Even chopped up and stuffed with countless commercials for overpriced new cars and cures for erectile dysfunction, Pelham 1974 is more believable because the tension is allowed to develop naturally. No need for a jiggly camera and blaring music. The only thing they had back in those days that we don’t anymore is patience. Hollywood unfortunately assumes that EVERYone has the attention span of a teenager.
Denzel is his usual self. The guy has stage presence up the wazoo, and his portrayal as a decent fellow who has to face his own shortcomings is well done. Until, of course, the film turns into a chase-and-confrontation between him and Travolta, and loses the disbelief we’ve been suspending for two solid hours.
Travolta has more fun than anyone else in either movie. He’s over-the-top, loud, swaggering, and gets a big kick out of shooting people point-blank. His head henchman is played by the marvelous character actor Luis Guzman. Too bad there wasn’t room in the script to expand this character or their relationship.
The Aides De Crook in Pelham 1974, Martin Balsam and Hector Elizondo, were better used. Well, it was a film era when there were simply more and better character actors in general. Back then, it was okay to be a rather amiable villain, out simply to get rich. Nowadays you gotta have a gunny sack full of neurosi.
While hurtling along beneath the streets of Manhattan, you’re bound to learn more about being a subway motorman than you’ll ever need to know, and this film’s McGuffin is the Dead Man’s Feature whereby a train cannot move unless a living person is pushing down on it. Supposedly, that is. But in movies, at least, everything can be overcome, and we find there’s more than one way to escape from a mousetrap.
Pelham 2009 acquaints us with that old urban legend, the abandoned subway stop, the one that may (or may not) exist beneath the Waldorf, built specifically for FDR back in the 1940s. After the ransom question is dealt with, the film becomes completely an action thriller and is thenceforth believable only to the extent of your own gullibility.

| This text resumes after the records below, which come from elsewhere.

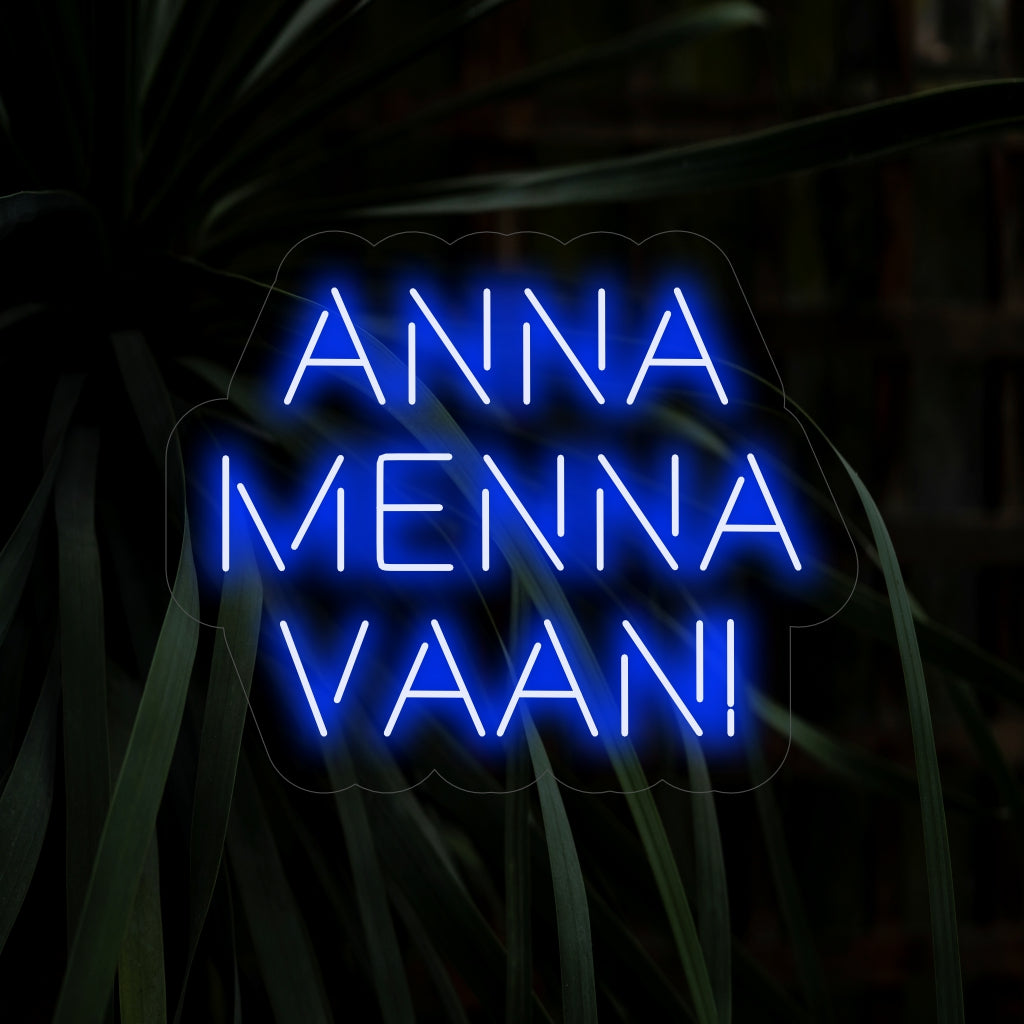 "Anna Menna Vaan! Neon Sign" - Een levendig neonlicht met een levendige uitstraling, dat uitbundigheid en positiviteit in uw leefruimte brengt.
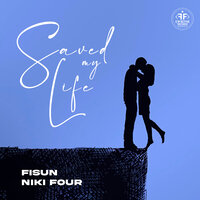 Saved My Life - Fisun & Niki Four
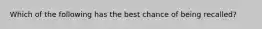 Which of the following has the best chance of being recalled?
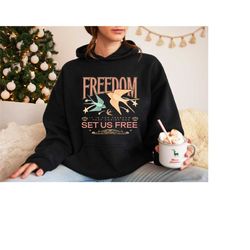 christian sweatshirt, freedom set us free sweatshirt, bible verse sweatshirt, christian gift, bird sweatshirt, swallow s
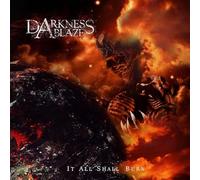 Darkness Ablaze - It All Shall Burn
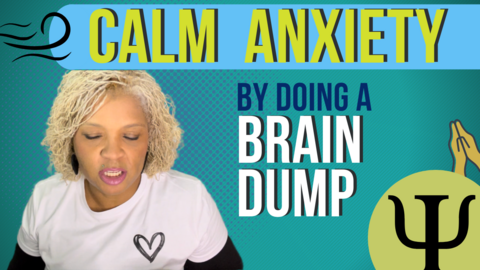 Calm Anxiety Using Brain Dumping 1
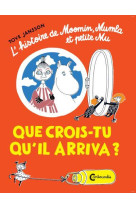 Moomin - que crois tu qu-il arrivera? 6 ans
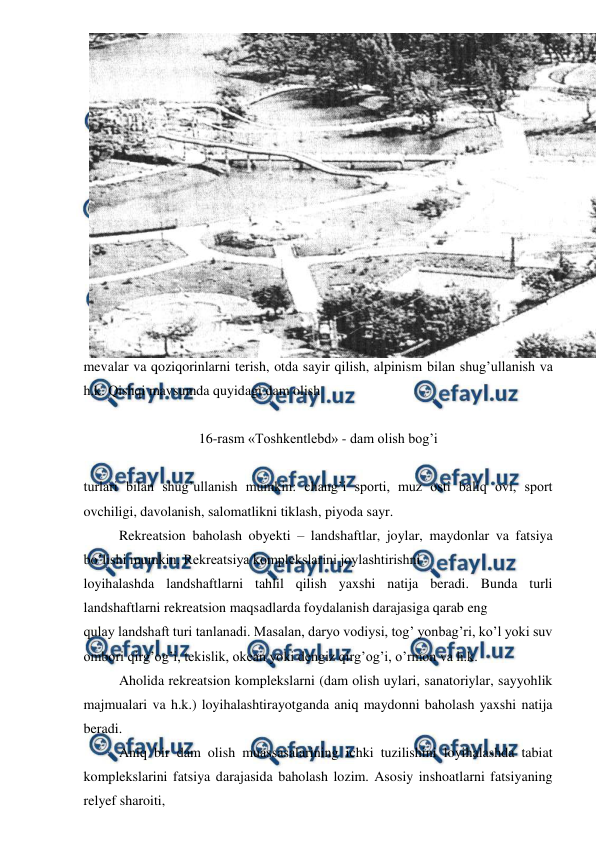  
 
mevalar va qoziqorinlarni terish, otda sayir qilish, alpinism bilan shug’ullanish va 
h.k. Qishqi mavsumda quyidagi dam olish  
 
16-rasm «Toshkentlebd» - dam olish bog’i 
 
turlari bilan shug’ullanish mumkin: chang’i sporti, muz osti baliq ovi, sport 
ovchiligi, davolanish, salomatlikni tiklash, piyoda sayr. 
 
Rekreatsion baholash obyekti – landshaftlar, joylar, maydonlar va fatsiya 
bo’lishi mumkin. Rekreatsiya komplekslarini joylashtirishni  
loyihalashda landshaftlarni tahlil qilish yaxshi natija beradi. Bunda turli 
landshaftlarni rekreatsion maqsadlarda foydalanish darajasiga qarab eng  
qulay landshaft turi tanlanadi. Masalan, daryo vodiysi, tog’ yonbag’ri, ko’l yoki suv 
ombori qirg’og’i, tekislik, okean yoki dengiz qirg’og’i, o’rmon va h.k.                          
 
Aholida rekreatsion komplekslarni (dam olish uylari, sanatoriylar, sayyohlik 
majmualari va h.k.) loyihalashtirayotganda aniq maydonni baholash yaxshi natija 
beradi. 
 
Aniq bir dam olish muassasalarining ichki tuzilishini loyihalashda tabiat 
komplekslarini fatsiya darajasida baholash lozim. Asosiy inshoatlarni fatsiyaning 
relyef sharoiti,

The 1974 model trumps 2009 on the ending alone. It’s absolutely perfect, and has been artfully assembled throughout the film right under your nose, so to speak. Back in those days, Walter Matthau was at his charming best, a young curmudgeon trudging through life, expecting and getting the worst from people. I simply have to recommend this film; it’s available on DVD or via Netflix. The newer version is still playing everywhere, and although it’s flawed, it’s still a pleasant enough diversion. Hey, it’s summertime. Whaddaya expect?